The success of Whitechapel, in which Davis plays a cop opposite Rupert Penry-Jones, has given his career one of its intermittent boosts. "My fame has had an incremental growth," he says. "I have a renaissance every 10 years."

Davis has starred in the legal series North Square and in Rose and Maloney, but it is his role as a director that will be marked next month with the release on DVD of his 1995 film ID, widely regarded as a gritty classic. In a fortnight the cast, including Reece Dinsdale, Philip Glenister, Claire Skinner, Saskia Reeves, Sean Pertwee and Warren Clarke, will reunite to celebrate the film, which is about a police undercover unit who are changed by spending time with a gang of football hooligans. The story has a grim tone, quite distinct from the horrors of Whitechapel, and there are plans for a sequel. "I haven't watched it for years, but it is very dark," Davis says.

He also has three short films coming out: an Ealing-style comedy called Outside Bet; Fast Girls, to be released in June; and Borrowed Time, "a film about a man who gets burgled by a kid who then feels guilty". He will also be joining the cast of the BBC legal series Silk, alongside Penry-Jones.

The high ratings for Whitechapel, he suspects, were down to the interplay between his character and Penry-Jones – and to the scary mood of the series.

"The first Whitechapel we did, the Jack the Ripper one, was directed by S J Clarkson and she really put a stamp on it. She created a shadowy kind of template." Davis hopes for more unconventional commissioning in British television. "They should have made 12 hours of Sherlock straight off, not just three. We should be more confident in the way we commission in this country. I was in Bleak House and that was a huge hit. We did eight and a half hours of it. There was this huge book, so we made a huge series to do it justice."

Davis also mourns the lack of single dramas where "writers could come from anywhere and run the agenda, rather than things being dreamed up by the channels".

The actor is proudest of his recent work in Double Lesson, a Channel 4 film about a teacher who loses control.
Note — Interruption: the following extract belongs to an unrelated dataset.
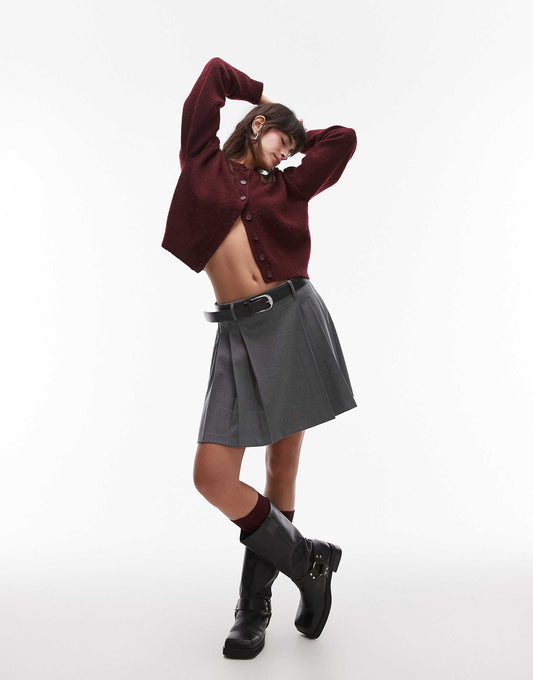 Pleated Mini Skirt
After his success with ID Davis was invited to Los Angeles but was unimpressed. "It was well before they were making committed, difficult dramas like the HBO stuff they make now. I might be wooed over there again as an actor, but I am a happily married man and the thought of being away from my family for almost six months of the year is almost unbearable." (Davis's wife is actress Eve Matheson, recently seen in the BBC2 satire The Thick of It.)

Now a new script by Shameless writer Tracy Brabin may tempt Davis back behind the camera in this country. "I have found something I would like to make called Yarko and set in Great Yarmouth," he says. "It's about a boy who gets a girl pregnant and wants to be a dad, although she isn't interested."

Davis grew up in the East End of London, where his dad was a factory worker. "It was a working-class family and my parents were great because they were completely baffled by this kid who wanted to do this thing, yet they just let me go and act." After the National Youth Theatre, Davis joined Joan Littlewood's company. "When Joan took me on it was actually an advantage not to be trained. She was such an anarchic talent, so idiosyncratic, and she taught me a wonderful pragmatism."

But it was working with Leigh that showed Davis how to break free from playing East End types. Since then, whether playing Dickens or modern coppers, Davis has created a parade of carefully drawn characters. "They are all out there," he says. "Stand at any bus stop. We are all grotesque and fantastic."